* What is needed
Please transcribe exactly the line that holds "mesoterapia no tratamento de melasma em BH" and all lines that follow it to the end of the records below, omitting any pictures.

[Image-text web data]
***
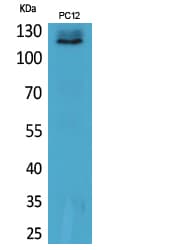 UBA1 / UBE1 Antibody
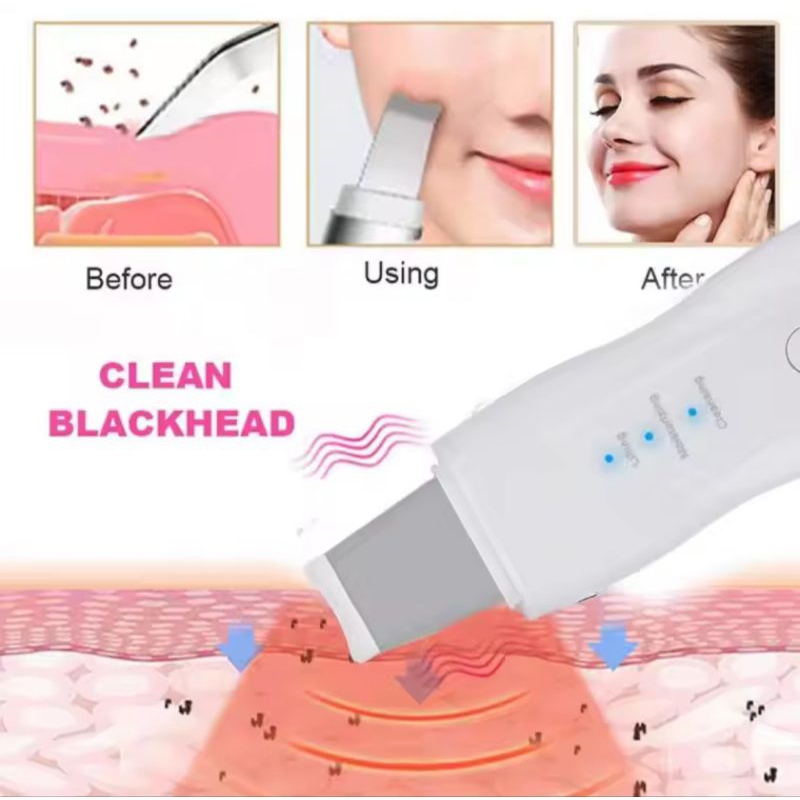 Skin Scrubber Ultrasonik Alat Multifungsi Rejuvination Pengilang Komedo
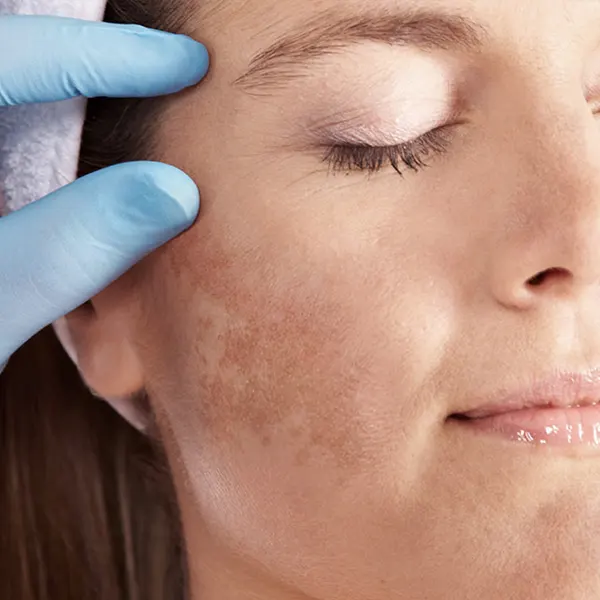 mesoterapia no tratamento de melasma em BH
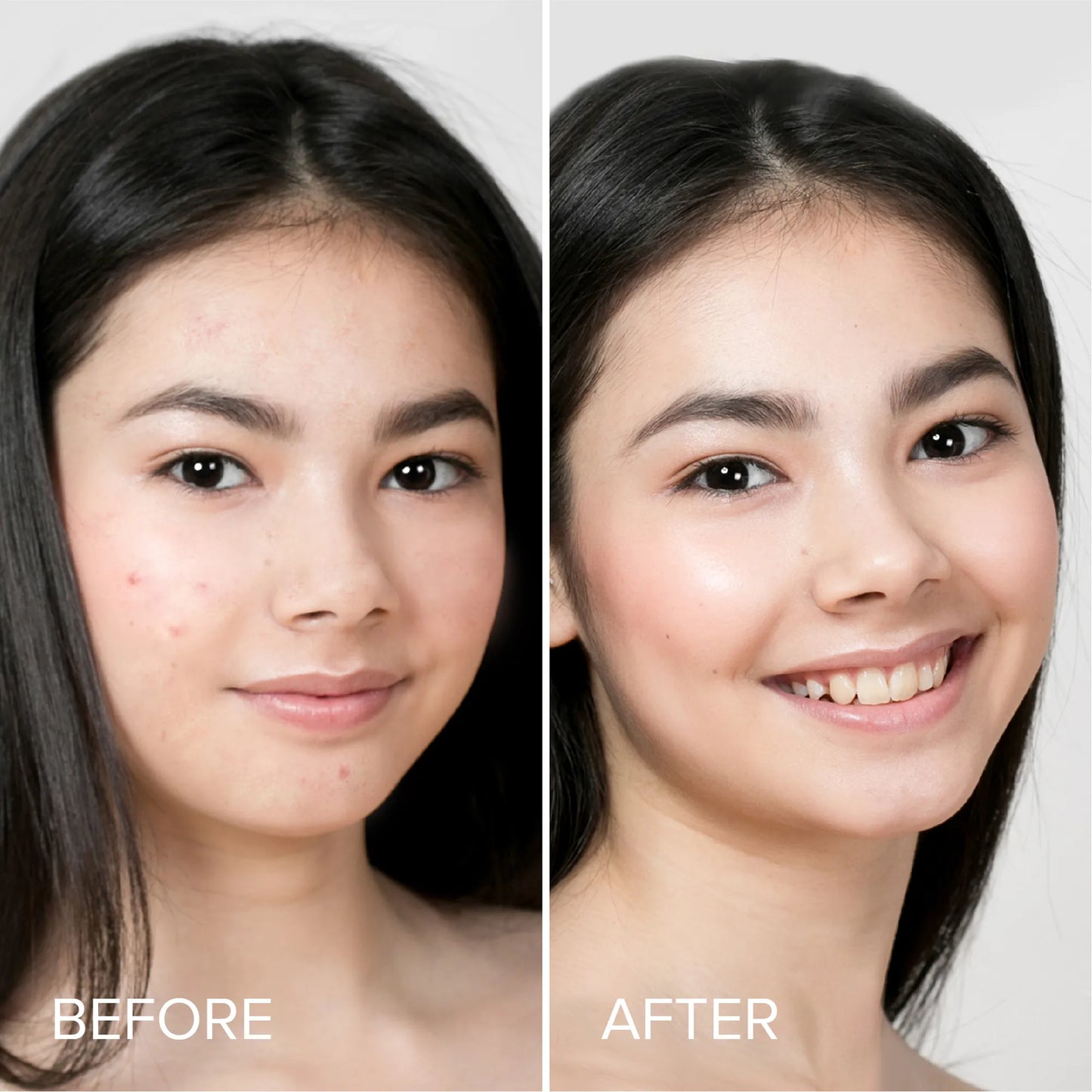 Before and after portraits showing clearer skin on a woman’s face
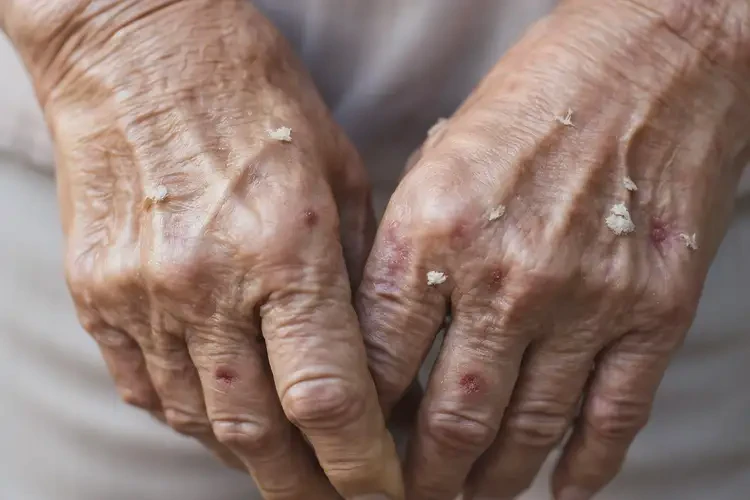 高龄老人手上经常起湿疹可以彻底自愈吗(图4)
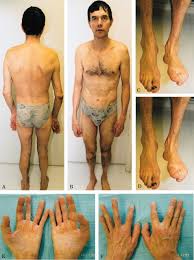 Image result for Myopathy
***
* Output for this task
 mesoterapia no tratamento de melasma em BH
 Before and after portraits showing clearer skin on a woman’s face
 高龄老人手上经常起湿疹可以彻底自愈吗(图4)
 Image result for Myopathy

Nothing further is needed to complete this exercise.